I’ve been reading a lot about wet leasing airlines lately. But what exactly is wet leasing, and why is it gaining so much popularity?
Let me give you a simple example: Imagine you have to get somewhere but don’t want to use your own car. Two options apply: Either you can rent a car or order a taxi. The presence of hired staff makes the difference. With a rental car you are responsible for driving or finding a driver, whereas a taxi comes with a driver. The same principle goes for airlines. They can either just lease an aircraft which is called a dry lease, or they can lease an aircraft with crew members included, plus maintenance and insurance. This is what we call a wet lease.
But how exactly does wet leasing work? Which airlines fall back on wet leases and why is it becoming more and more popular?
Behind the scenes of wet leasing
As previously defined, wet leasing is the practice of hiring aircrafts with crew, maintenance and insurance included in the service. The idea is to meet unforeseen short-term needs or to increase seasonal capacity without necessarily buying and staffing new aircrafts. All direct operating costs such as fuel, catering, airport fees, handling and navigation fees are paid directly by the client to the service providers, e.g. airports. With this business, wet-lease providers offer more flexibility for airlines. The best example for such practice was the summer peak in 2018. Airlines had to deal with numerous delays and flight cancellations. In order to prepare for the busy summer months and to avoid another chaotic summer peak, Lufthansa, for example, is trying to be proactive and will wet lease six airplanes. These wet lease aircrafts will help alleviate some of last year’s issues.
Why would airlines want to lease aircraft?
Although the economic reasons of leases are common to all companies in all industries, there are specific business reasons for why an airline may want a wet lease. The first reason to lease is capacity. By making use of wet leasing, airlines are able to temporarily increase capacity. This is a big plus, especially for commercial airlines, but charter jet operators may also find themselves in need of additional capacity. Generally, the leased aircraft can be deployed at very short notice, sometimes as little as three hours, to cover short- or medium-term transportation needs. This ensures smooth operations during peak traffic seasons and can help to cope with scheduled or unexpected maintenance checks, or to test new routes.

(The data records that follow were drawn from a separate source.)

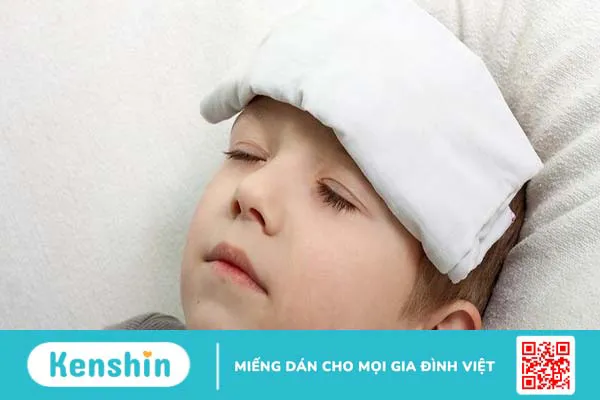 Sốt có mất nước không? Mối liên hệ giữa sốt và mất nước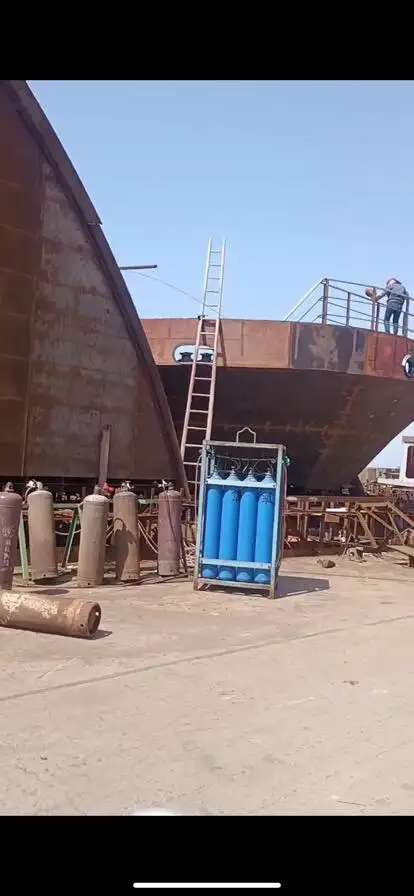 Oil/Chemical tanker for sale
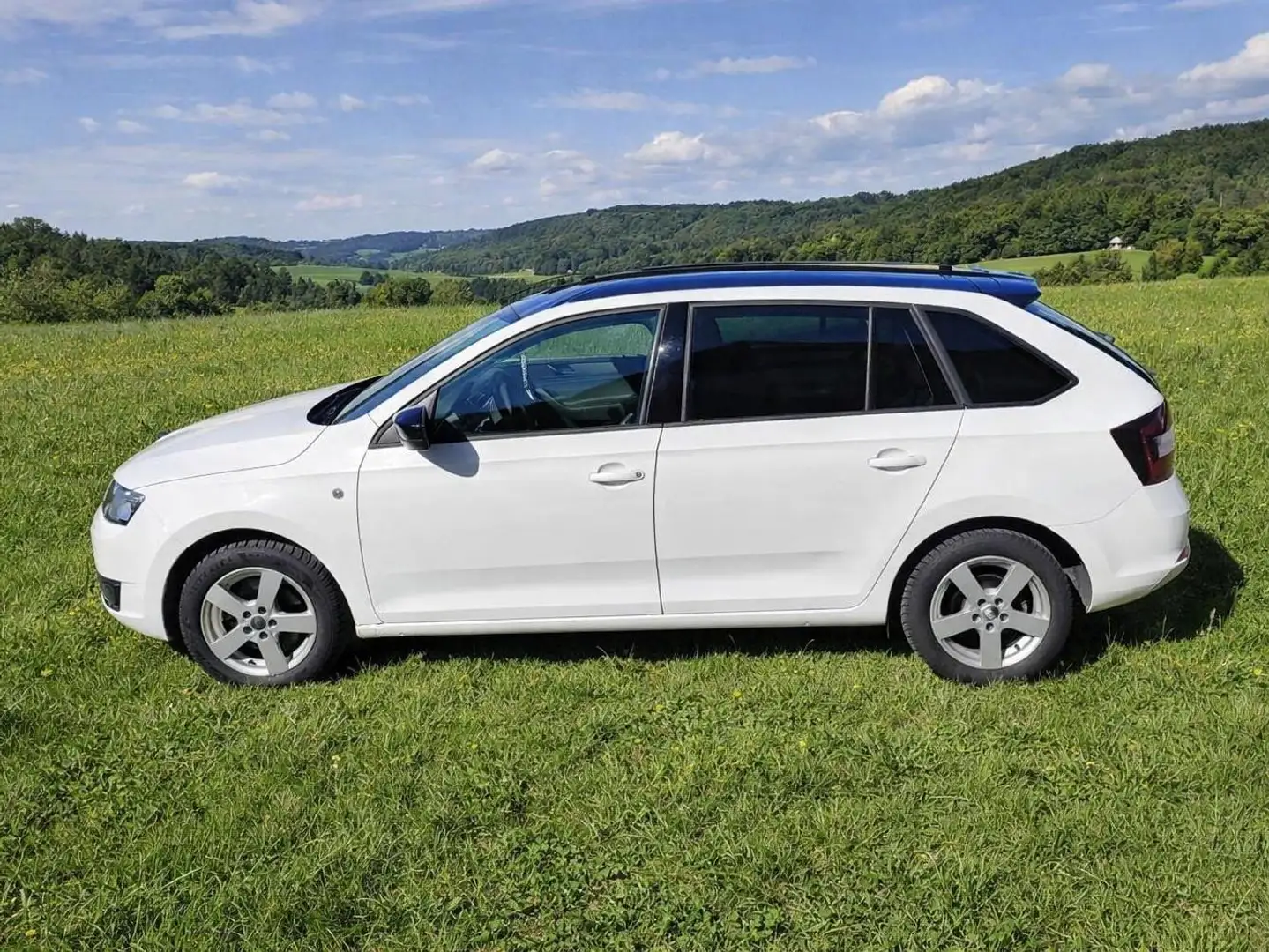 Skoda Rapid/Spaceback 1,6 Weiß - 1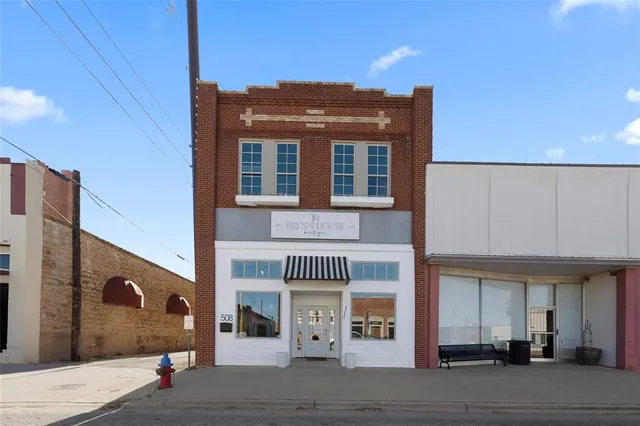 $425,000 | 508 Conrad Hilton Boulevard, Cisco, TX 76437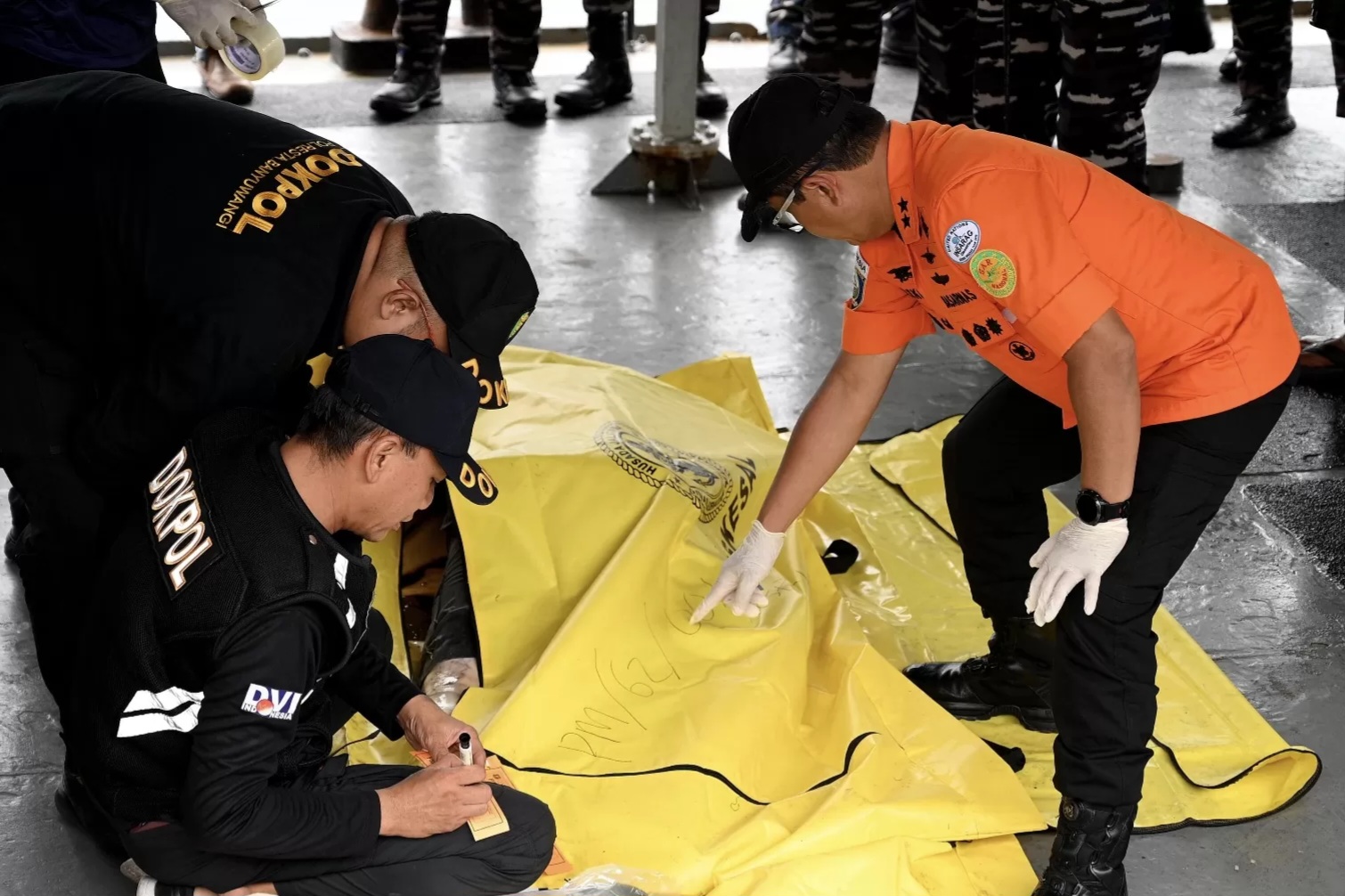 Tim Disaster Victim Identification (DIV) Polda Jatim mengidentifikasi jenazah korban tenggelamnya KMP Tunu Pratama Jaya. (Dokumentasi Radar Banyuwangi) - Image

Another clear reason for wet leasing is money. Leasing an aircraft is less challenging for numerous reasons, from practicality to financial. It offers an attractive option for airlines to avoid the financial stress of an actual purchase. Leasing is less capital intensive than a cash purchase. An airline can use their cash for other purposes versus keeping it tied up in an aircraft.

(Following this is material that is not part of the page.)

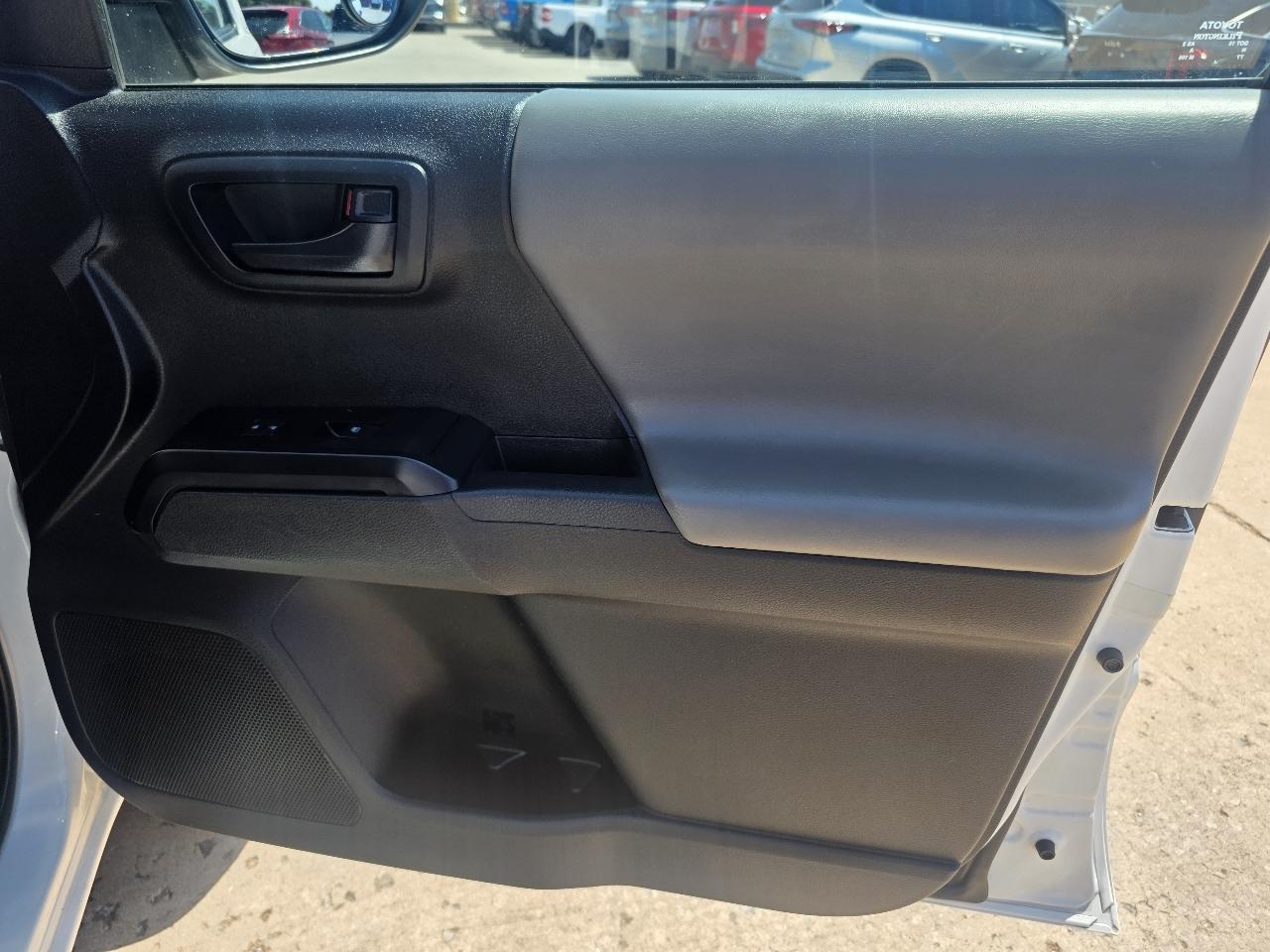 Toyota Tacoma 2WD SR5 Access Cab 6' Bed I4 AT (Natl) 2022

Furthermore, wet leases come with a crew which works in an airline’s favor when, again, we are thinking about capacity and money.
Last but not least, a wet-leased aircraft may be used to fly to countries where the lessee is not able to operate. For instance, EgyptAir, the flag airline of Egypt, is not allowed to fly to Israel. As such, a new ‘airline’, Air Sinai, wet-leases EgyptAir flights to travel between the two countries.
In a nutshell, the benefits of wet leasing include an increase in capacity with no additional fleet and crew fees, often for temporary use. It also provides a modular approach to testing new routes or serving new segments, lowering costs, or pre-empting competitors’ access to certain routes.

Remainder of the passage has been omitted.